(...)
Edindiğim bilgilere göre Erdoğan, “paralel yapı” ifadesiyle doğrudan Hizmet Hareketi’ni Kırmızı Kitap’a sokmaya çalıştı. Ama “Devletin ana Milli Güvenlik dokümanlarında kişiselleştirmeler yapılamaz” itirazıyla karşılaştı. Böylece 29 Nisan tarihli MGK toplantısında kabul edilen Kırmızı Kitap’a, “Legal görünümlü illegal yapılar” ifadesi girmiş oldu.
1990’lı yıllardan beri Türk Silahlı Kuvvetleri’ni yakından izliyorum, komuta kademesinin neredeyse tamamını tanıma imkanım oldu. “Apolet Kılıç ve İktidar” kitabını 2004 yılında yayınladım.
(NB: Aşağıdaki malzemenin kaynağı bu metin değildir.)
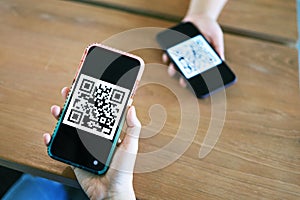 Qr code payment. Woman scanning QR code online shopping cashless technology concept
Ve bu uzun zaman diliminde, iç siyasete malzeme olmanın TSK’yı nasıl yıprattığını gözlemledim.
Bu sebeple, Türk Silahlı Kuvvetleri’nin iç siyasetin bir aktörü olmaması gerektiğini sürekli vurgulayan, MGK’nın adeta bir “gölge hükümet” gibi siyasetin üzerinde tahakküm kurmasına sürekli itiraz eden bir gazeteci oldum.
2001’de AK Parti’yi doğuran ve 2002’de iktidara taşıyan en önemli dinamik de buydu. Çünkü bu partiyi kuranlar da MGK mağdurlarıydı ve MGK vesayetini kabul etmeyeceklerine söz verdiler. AK Parti programı ve seçim beyannameleri ortada...
Ama “17/25 Aralık travması” Erdoğan’ı işte böylesine dramatik bir noktaya savurdu. Şimdi, Hizmet Hareketi’ni bitirmek için, “asker”in devreye girmesini istiyor Erdoğan!..
Askerler, 1990’lı yıllardan itibaren kendilerine böyle bir görev biçtiler. MGK’da 1992, 1998, 2001 ve 2005 yıllarında dört defa güncellenen Kırmızı Kitap’ta asker, “irtica ile mücadele” görevini üstlendi. Askerin jargonunda irtica, bütün cemaatler ve AK Parti gibi siyasi oluşumlardı.
AK Parti’nin iktidara gelmesinden sekiz yıl sonra, 2010 yılında Kırmızı Kitap bir kez daha güncellendi ve “irtica” ifadesi Kırmızı Kitap’tan çıkarıldı. Evet, 2010 yılında Kırmızı Kitap’tan çıkarılan “irtica”, şimdi “Legal görünümlü illegal yapılar” olarak geri döndü...
Bir siyasi hareket, nasıl bundan daha dramatik bir final yapabilir?